This is a thorny problem. Smartphone security is significantly more stringent than that of personal computers, making attempts to gain entry without the password or passcode hopeless. An iPhone belonging to a terrorist who went on a shooting spree in California at the end of 2015 was retrieved from the location where he was shot. The FBI retrieved the phone and brought a federal court case against the manufacturer, Apple, demanding a master key to unlock the phone. In other words, even the US police authorities were unable to resolve the issue of a single smartphone on their own. That is how tough smartphone security is.
As of January 2022, only a handful of vendors offer forensic services for hacking smartphones of deceased persons without passwords, and most companies that offer services relating to digital estate do not offer mobile forensics services.
When I receive inquiries of the type described above, my first advice to the client is to try and find out the password by any means possible. Some people write their password on the paperwork that came with their phone, while others make their car’s keyless entry code their password. If this fails, I suggest the client checks the deceased’s cloud storage or PC to see whether they saved a backup of their cellphone data, or finds another way of identifying monetary transactions or determining whether or not the deceased had an insurance policy, as appropriate. Sometimes I refer the client to one of the few vendors that offers cellphone forensics, having informed them that the average bonus payable for a successful hack is ¥300,000.
Every year, I get more and more emails asking about digital estate. The fact that family members go to such lengths to get into cellphones and track down my website is testament to the fact that digital property is increasingly important—something that has not been matched by an improvement in digital services to cater to the needs of the families of deceased users.
Users’ Need for Caution
As many would surely agree, digital technology is a much bigger part of our lives now than it was 10 years ago. According to a Ministry of Internal Affairs and Communications (MIC) family income and expenditure survey, around 70% of households used electronic money in 2020, up from less than 40% in 2010. In the same period, according to an MIC communications usage and trends survey, the percentage of households that uses social media jumped from around 5% to over 70%. Over this same period, according to a 2021 survey conducted by the NTT Docomo Mobile Society Research Institute into mobile consumer trends, smartphone penetration jumped from less than 4% of all mobile devices to 88%—a figure that further increased to more than 92% in 2021)—while the ownership rate for more limited “feature phones” saw a marked decline.
This trend is not confined to consumers of working age. In 2020, 60.6 % of those in their sixties used social media, and the figures for those in their seventies and those in their eighties and above were 47.5 % and 46.5 %, respectively. Consumers in their sixties and seventies also prefer smartphones to other mobile devices, as per the MIC communications trends survey. While the generation gap is still there, if anything it is becoming more difficult to live without digital technologies, at any age.

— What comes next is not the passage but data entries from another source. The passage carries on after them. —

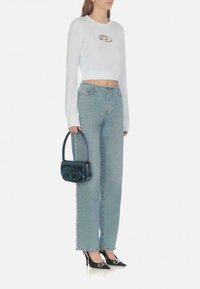 Felpa bianca corta con un ritaglio circolare, abbinata a jeans high-waisted blu chiaro, tacchi a punta neri e una piccola borsa blu.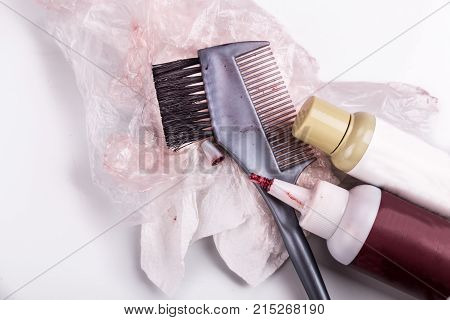 Close-up Of Chemical Hair Color Dye Set With Comb Brush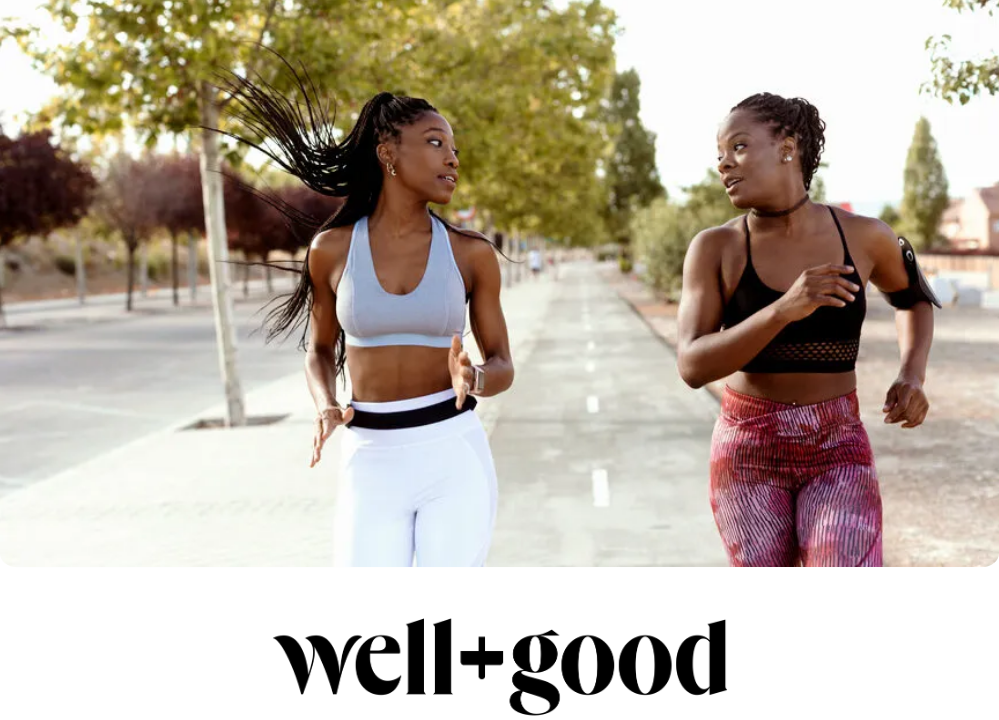 Stock image of two women on a jog looking at each other.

Even before the establishment of the Digital Agency in September 2021, the Japanese government had been trialing technologies that would enable smartphones to function as personal and taxpayer identification devices. You get the feeling that the government is getting serious about making digital transformation a reality by 2025, the year the last of the baby boomers turns 75. In the future, digital tools will likely become essential for the purposes of official identification.
However, despite the fact that these technologies are such an essential part of our lives, these advances have not been matched by improved measures for dealing with the death of the user.
Similar inconsistency surrounds the status of social media posts and blogs whose creator has died. While some services have measures in place for transferring control to the statutory inheritor, in other cases, rights to content expire upon death.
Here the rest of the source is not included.